How to Fast When Breastfeeding
You may have decided to wait to fast until after your baby was born. Now you have all this extra weight you’d love to drop, and fasting seems like a great way to go about it.
While intermittent fasting is a safer choice now since the baby was already born, you’re not completely out of the woods yet. You’re nursing, so you’re already at risk of dehydration. We’ll talk about this more in the next section, but dehydration can be dangerous, so don’t get lax.
To get started with your fast, you’d want to follow the same steps as those we laid out in our section about fasting while pregnant. Always begin with a doctor’s appointment so they can confirm if it’s even a good idea for you to fast.

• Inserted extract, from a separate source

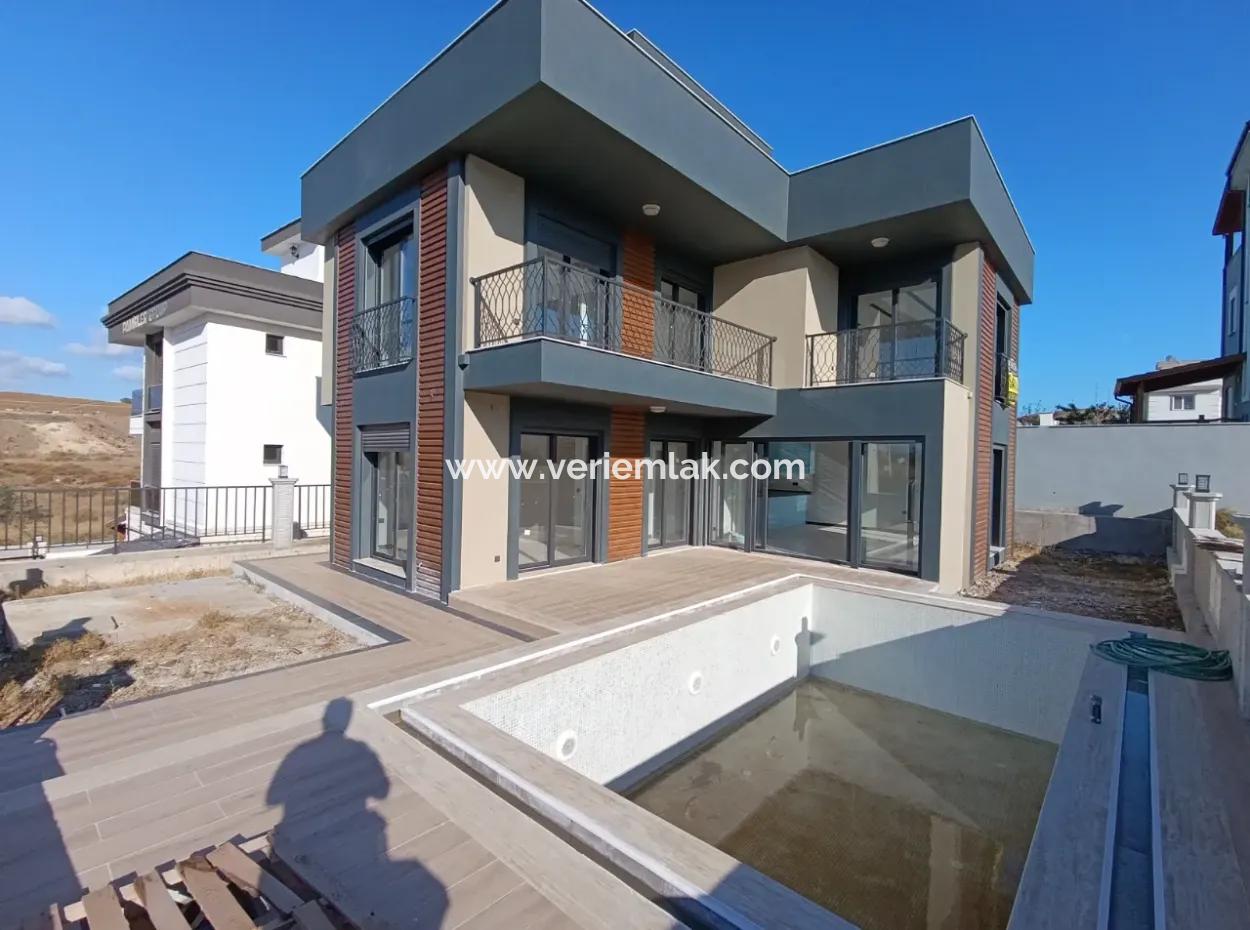 Your Dream Life Awaits You With Luxury Detached 4 1 Villa With Pool In Seferihisar Akarca Region!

If you can do an intermittent fast, then discuss the duration and type of fast so your doctor can give you the green light. Then, just like before, you want to begin reducing the foods you eat in preparation for the fast, cutting down on your diet.

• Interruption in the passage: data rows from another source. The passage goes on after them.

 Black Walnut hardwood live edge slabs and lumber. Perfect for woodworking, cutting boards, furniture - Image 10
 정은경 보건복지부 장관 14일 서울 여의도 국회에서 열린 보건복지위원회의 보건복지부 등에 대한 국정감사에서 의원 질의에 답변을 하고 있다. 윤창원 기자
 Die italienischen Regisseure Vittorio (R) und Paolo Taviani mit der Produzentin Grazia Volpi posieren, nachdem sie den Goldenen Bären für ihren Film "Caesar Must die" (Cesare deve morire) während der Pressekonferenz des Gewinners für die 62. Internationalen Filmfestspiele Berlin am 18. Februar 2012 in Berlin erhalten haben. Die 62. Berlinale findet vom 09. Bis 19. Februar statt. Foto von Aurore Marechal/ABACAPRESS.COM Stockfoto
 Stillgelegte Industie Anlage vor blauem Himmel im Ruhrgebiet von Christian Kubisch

Keep your fast short, no more than 24 hours unless for religious observance. While you fast, you still want to take it easy. Avoid exercising or running around too much. You may not be carrying a baby anymore, but you’re still a new mother who acts as the primary food supplier for your baby.
When the fast ends, gradually reintroduce foods into your diet. You may drink a mostly liquid diet for the day after the fast before moving back to solid foods. Eat these in small quantities for a while to avoid upsetting your stomach.
Fasting and Breastfeeding Risks
We’ll reiterate what we said in the section about fasting while pregnant. If you start to feel sick, dizzy, weak, or you get severe headaches, then stop your fast immediately. You could be dealing with these potentially dangerous side effects of fasting while breastfeeding.
Lack of Breast Milk
Whether you fast or not, it’s crucial you keep up on your fluids so you can continue nursing. After all, although it’s called breast milk, it’s comprised almost entirely of water, as 90 percent of the milk is H2O. Without enough water in your system, you may not produce as much breast milk.
This could put your newborn at risk since they no longer have anything to feed on. Skipping breastfeeding isn’t the best idea, either, as your baby’s risk of having allergies and asthma may go up if you don’t nurse. Also, babies who spend the first six months of their lives nursing deal with fewer respiratory illnesses and ear infections.
Dehydration
As if the act of giving birth isn’t strenuous enough, since you’re producing so much breast milk, your body uses a lot of water. The newborn also feeds on the breast milk several times a day, as we said, thus depleting your supply of water even further.
Any fast in which you can’t drink water or other fluids is not recommended when breastfeeding, such as a hard dry fast. Dehydration can lead to symptoms like dizziness, dry skin, headaches, low-volume urine, exhaustion, and dry mouth. In the worst cases, it can be fatal.
Less Nutritious Breast Milk
Breastfeeding and parenting resource KellyMom.com mentions in an article that several studies have confirmed that breast milk changes after a fast. There are biochemical alterations, plus, the milk may not have the same nutrient quality compared to breast milk from a woman who didn’t fast. For example, your breast milk may lack as much potassium, magnesium, and zinc.
While it appears that very short fasts and ones that don’t deprive women of water won’t affect the quality of breast milk, longer fasts may.
Conclusion
If you’re pregnant or breastfeeding and thinking of trying an intermittent fast, we’d recommend you wait. While fasting can be beneficial for a healthier lifestyle and a trimmer you, there are many risks associated with fasting while carrying a baby and immediately after.
Those who have no choice but to fast, such as for a religious observance, should work closely with their doctor to maintain their health pre-and-post-fast.